The logic behind the program (high level):
The program opens the excel file and adds the 2 new columns ‘Last Name’ and ‘First Name’ these will be the 2 columns we’ll be filling in for sorting. In the above example we’ll be getting:
Last Name: Smith; First Name: J T & Jane Q.
They have a ‘Company Name’ column and to get that to be sorted I made a straight copy of that cell over to ‘Last Name’.
To check if the city is in the ‘Full Name’ column:
To find out if the city name is in ‘Full Name’, they have a city column I originally thought I can compare the 2 but found that some people had moved since the town was added to their name. An example of this would be if from the example above would say ‘St. Louis’ in ‘Full Name’ but under town it would be ‘Chicago’. To get around this I’m pulling all the towns into a set; a set only keeps the unique names. We’ll use this to run through the ‘Full Name’ to compare if that town is in the ‘Full Name’.
Another issue with the towns is some are 2 words like ‘St. Louis’. Since the town names were always the last.
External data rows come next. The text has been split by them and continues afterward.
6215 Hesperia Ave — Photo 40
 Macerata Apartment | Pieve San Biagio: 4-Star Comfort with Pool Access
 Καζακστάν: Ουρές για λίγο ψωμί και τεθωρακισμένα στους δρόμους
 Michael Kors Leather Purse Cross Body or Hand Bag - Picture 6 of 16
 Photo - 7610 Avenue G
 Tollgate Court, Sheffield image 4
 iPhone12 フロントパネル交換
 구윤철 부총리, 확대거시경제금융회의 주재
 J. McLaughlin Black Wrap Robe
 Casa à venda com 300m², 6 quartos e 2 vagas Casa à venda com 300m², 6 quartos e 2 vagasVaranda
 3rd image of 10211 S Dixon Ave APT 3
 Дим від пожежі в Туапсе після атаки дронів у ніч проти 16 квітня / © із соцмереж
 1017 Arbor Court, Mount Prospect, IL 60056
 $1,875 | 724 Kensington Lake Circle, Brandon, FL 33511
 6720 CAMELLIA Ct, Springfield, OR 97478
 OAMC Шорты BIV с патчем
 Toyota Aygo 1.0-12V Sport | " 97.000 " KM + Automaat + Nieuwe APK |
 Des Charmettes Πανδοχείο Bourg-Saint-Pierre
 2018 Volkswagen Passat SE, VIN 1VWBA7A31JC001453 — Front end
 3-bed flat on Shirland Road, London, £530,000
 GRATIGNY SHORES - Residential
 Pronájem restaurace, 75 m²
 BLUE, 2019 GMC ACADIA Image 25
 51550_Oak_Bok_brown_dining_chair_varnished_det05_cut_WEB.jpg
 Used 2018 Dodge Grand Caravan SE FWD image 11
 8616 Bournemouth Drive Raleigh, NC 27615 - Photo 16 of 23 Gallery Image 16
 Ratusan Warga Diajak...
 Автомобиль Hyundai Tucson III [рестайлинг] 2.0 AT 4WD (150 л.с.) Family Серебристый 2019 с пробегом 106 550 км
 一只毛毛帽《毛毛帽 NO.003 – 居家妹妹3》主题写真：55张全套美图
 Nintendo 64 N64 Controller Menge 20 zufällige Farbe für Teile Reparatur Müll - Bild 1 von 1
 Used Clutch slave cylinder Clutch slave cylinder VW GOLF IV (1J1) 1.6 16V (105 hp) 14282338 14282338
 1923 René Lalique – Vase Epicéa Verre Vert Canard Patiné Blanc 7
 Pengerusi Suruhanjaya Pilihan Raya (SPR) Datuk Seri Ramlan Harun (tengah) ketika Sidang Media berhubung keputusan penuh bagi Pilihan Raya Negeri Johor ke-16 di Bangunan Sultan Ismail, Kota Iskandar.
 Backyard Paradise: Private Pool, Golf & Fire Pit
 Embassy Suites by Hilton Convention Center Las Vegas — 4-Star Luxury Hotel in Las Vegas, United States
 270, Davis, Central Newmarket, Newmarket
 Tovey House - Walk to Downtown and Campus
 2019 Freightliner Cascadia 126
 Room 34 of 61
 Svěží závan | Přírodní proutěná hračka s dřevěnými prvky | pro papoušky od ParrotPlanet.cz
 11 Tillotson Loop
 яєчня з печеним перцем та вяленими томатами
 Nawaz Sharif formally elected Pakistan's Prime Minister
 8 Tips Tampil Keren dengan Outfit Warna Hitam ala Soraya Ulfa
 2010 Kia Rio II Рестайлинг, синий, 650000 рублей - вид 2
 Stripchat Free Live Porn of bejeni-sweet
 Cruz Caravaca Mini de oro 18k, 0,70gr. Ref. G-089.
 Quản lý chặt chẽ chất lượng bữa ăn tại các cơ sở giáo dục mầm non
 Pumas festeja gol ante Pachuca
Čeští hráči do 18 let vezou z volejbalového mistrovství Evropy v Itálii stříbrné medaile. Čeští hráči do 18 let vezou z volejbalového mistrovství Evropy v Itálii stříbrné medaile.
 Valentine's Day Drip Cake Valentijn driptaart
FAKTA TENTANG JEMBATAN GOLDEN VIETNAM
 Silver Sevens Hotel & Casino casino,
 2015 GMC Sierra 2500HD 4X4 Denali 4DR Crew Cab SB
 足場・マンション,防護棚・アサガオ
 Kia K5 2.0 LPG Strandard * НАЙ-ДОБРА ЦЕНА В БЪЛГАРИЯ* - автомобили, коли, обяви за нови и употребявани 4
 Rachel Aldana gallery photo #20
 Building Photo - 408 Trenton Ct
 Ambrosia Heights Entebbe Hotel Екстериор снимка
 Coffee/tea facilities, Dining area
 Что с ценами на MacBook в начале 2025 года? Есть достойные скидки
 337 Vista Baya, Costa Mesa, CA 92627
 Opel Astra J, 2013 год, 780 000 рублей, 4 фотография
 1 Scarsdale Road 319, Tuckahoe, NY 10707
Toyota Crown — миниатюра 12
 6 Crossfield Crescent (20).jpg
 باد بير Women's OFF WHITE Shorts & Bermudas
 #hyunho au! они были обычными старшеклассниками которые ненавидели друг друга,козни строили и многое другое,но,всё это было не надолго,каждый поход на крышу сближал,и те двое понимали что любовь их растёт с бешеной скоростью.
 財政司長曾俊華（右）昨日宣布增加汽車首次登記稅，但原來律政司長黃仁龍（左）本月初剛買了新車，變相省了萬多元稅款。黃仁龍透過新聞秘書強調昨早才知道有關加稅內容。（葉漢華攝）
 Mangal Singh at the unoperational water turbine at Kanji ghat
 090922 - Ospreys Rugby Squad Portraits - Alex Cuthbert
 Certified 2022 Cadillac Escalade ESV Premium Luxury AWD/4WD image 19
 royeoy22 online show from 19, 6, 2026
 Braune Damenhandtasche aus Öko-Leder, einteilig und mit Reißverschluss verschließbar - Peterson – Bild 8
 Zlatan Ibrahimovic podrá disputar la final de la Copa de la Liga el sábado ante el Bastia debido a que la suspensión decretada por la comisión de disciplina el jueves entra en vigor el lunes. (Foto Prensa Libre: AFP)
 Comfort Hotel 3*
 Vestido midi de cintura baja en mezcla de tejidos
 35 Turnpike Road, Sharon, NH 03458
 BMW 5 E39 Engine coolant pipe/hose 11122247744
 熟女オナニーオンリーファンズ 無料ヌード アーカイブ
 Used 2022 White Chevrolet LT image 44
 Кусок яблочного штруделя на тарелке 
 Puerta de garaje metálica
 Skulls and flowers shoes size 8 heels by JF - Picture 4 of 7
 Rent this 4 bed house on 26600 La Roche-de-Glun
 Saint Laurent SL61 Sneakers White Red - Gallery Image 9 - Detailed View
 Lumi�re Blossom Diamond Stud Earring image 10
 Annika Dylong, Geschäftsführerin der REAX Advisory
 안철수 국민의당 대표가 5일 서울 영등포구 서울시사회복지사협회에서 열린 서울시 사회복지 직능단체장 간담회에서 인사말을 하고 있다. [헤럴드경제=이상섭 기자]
I pulled the last two words from each ‘Full Name’ and checked that against the town names if the town is found, then set it to have the last two words removed.
Also needed to do a search if there was a suffix to the name, like SR. or JR. this was a pre-made list then compared and removed if found, had to go back and add more as I found them such as a business in the wrong spot with a LTD at the end.
The main purpose for this is to get the client something that is better setup then what they had. This will save a lot of time from somebody having to do all of this manually. It will still take a person to look through the file to finalize it.
GitHub for heavily commented code = https://github.com/amacher/excelPullLastName/blob/main/PullLastName.py
*To help them quickly get through I created a column in Excel and used a RIGHT() code to pull the last name in cell information.